• [SOURCE DATA]:

*** Block opens ***

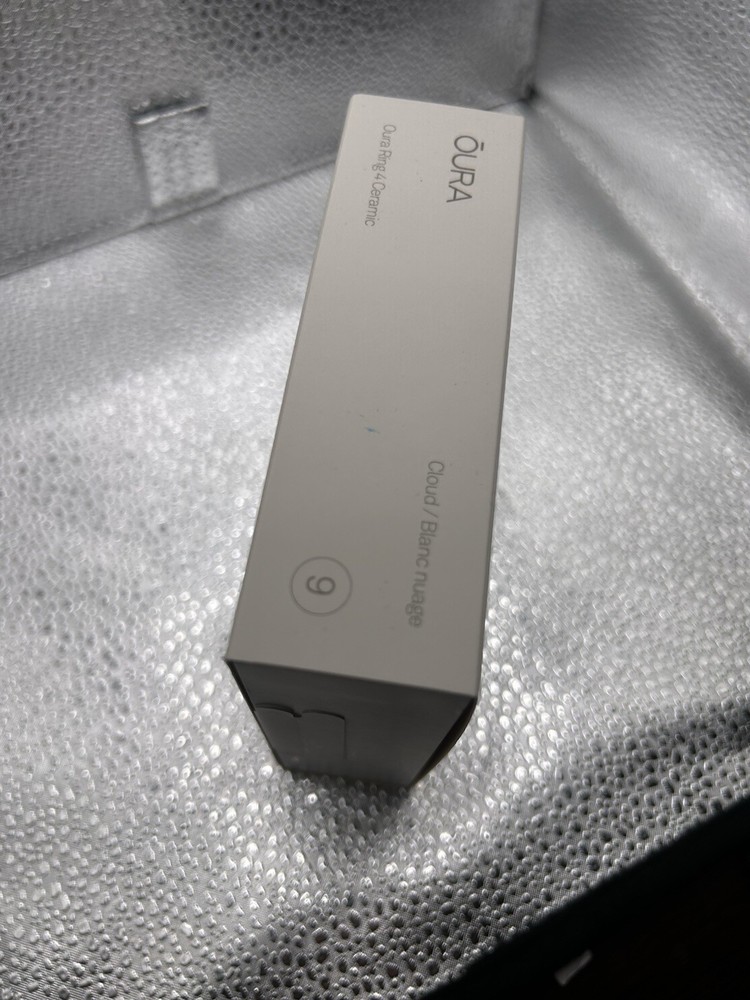 Oura Ring Gen 4 Ceramic Cloud/White Size 9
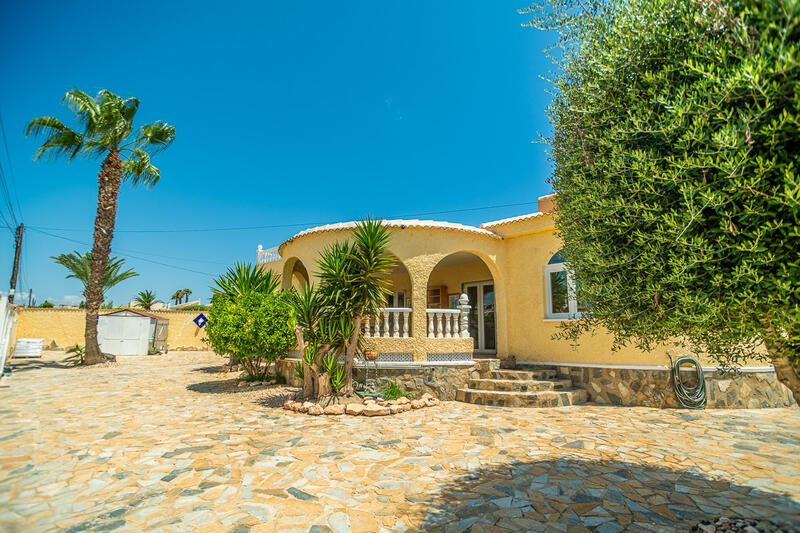 3 slaapkamer Villa Te koop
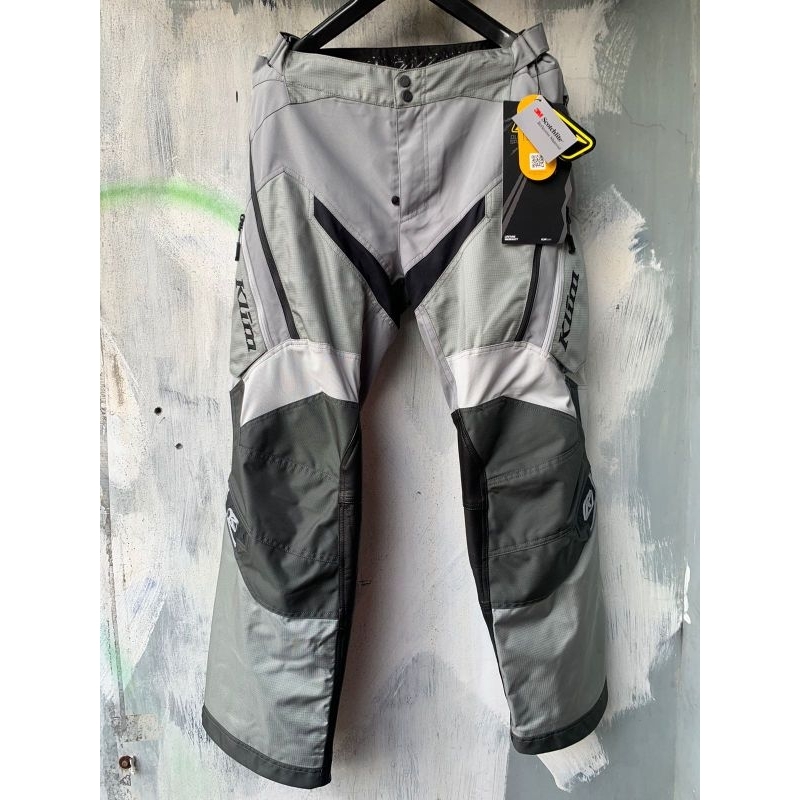 CELANA KLIM DAKAR MONUMENT GREY DAN BLACK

*** Block closes ***

• [EXERCISE]: Here the job is to quote the lines from the one with "3 slaapkamer Villa Te koop" through the end of the material, both included, exactly; please skip the pictures.

• [EXERCISE SOLUTION]:
 3 slaapkamer Villa Te koop
 CELANA KLIM DAKAR MONUMENT GREY DAN BLACK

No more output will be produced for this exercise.